In the first half of my 20th year, I was finishing up my university studies, working a decent job, involved in church life, and dating a girl I thought I might someday start a family with. I didn’t drink, didn’t smoke, and didn’t have too many friends from other walks of life — whether those be religious backgrounds, cultural backgrounds, etc. I was vehemently anti-immigration, anti-homosexuality, and convinced of the righteousness of the path I’d walked my entire life.
And then it all changed. My relationship torpedoed. My job evaporated. I became frustrated, angry, and exhausted. Then, in the midst of it all, I left for a study abroad program in Siena, Italy with my best friend, Brandon.
It was a wild month. You know what they say about sheltered kids swinging waaaay to the other side of the spectrum when they achieve independence? Well, there might just be some truth to that. I drank too much and partied too hard, but I also fell deeply in love with all things foreign.

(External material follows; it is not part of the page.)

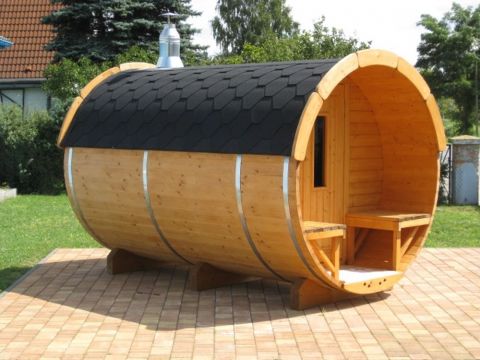 11x7 Viking Sauna Barrel with Changing Room Option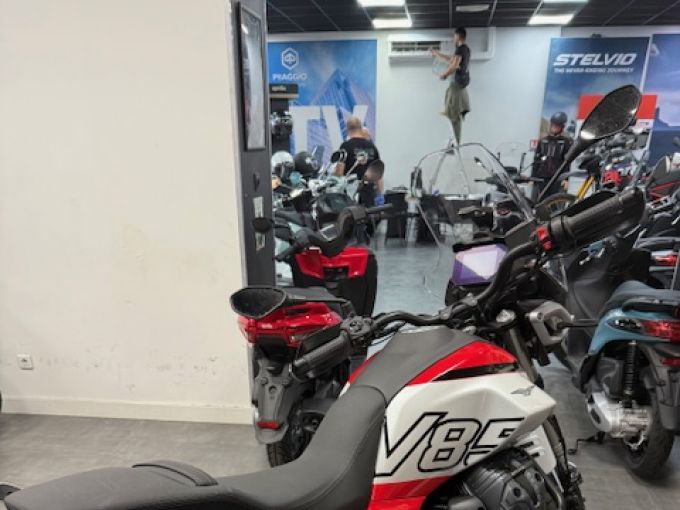 MOTO GUZZI V85 TT 850 4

The food, the language, the architecture, the history… the people. Everything was new, intoxicating, and fascinating to me. When I returned home less than 3 months later, I was a different person than when I’d left.
But I stagnated back home, working crazy hours for a company that didn’t care, and the free and wild future I’d caught a glimpse of withered. I became lonely, desperate, bitter. Over the next three years, it got to the point where I looked in the mirror and hated the person I saw. I knew I could be better.
One day, I decided to change. I’d grown disenchanted with my path — my addiction to work, the way I looked at people different from me, the faith which had defined me until then. I realized those things had slowly become suffocating, and I wanted out. So I made arrangements to leave the life I’d built and move to Korea.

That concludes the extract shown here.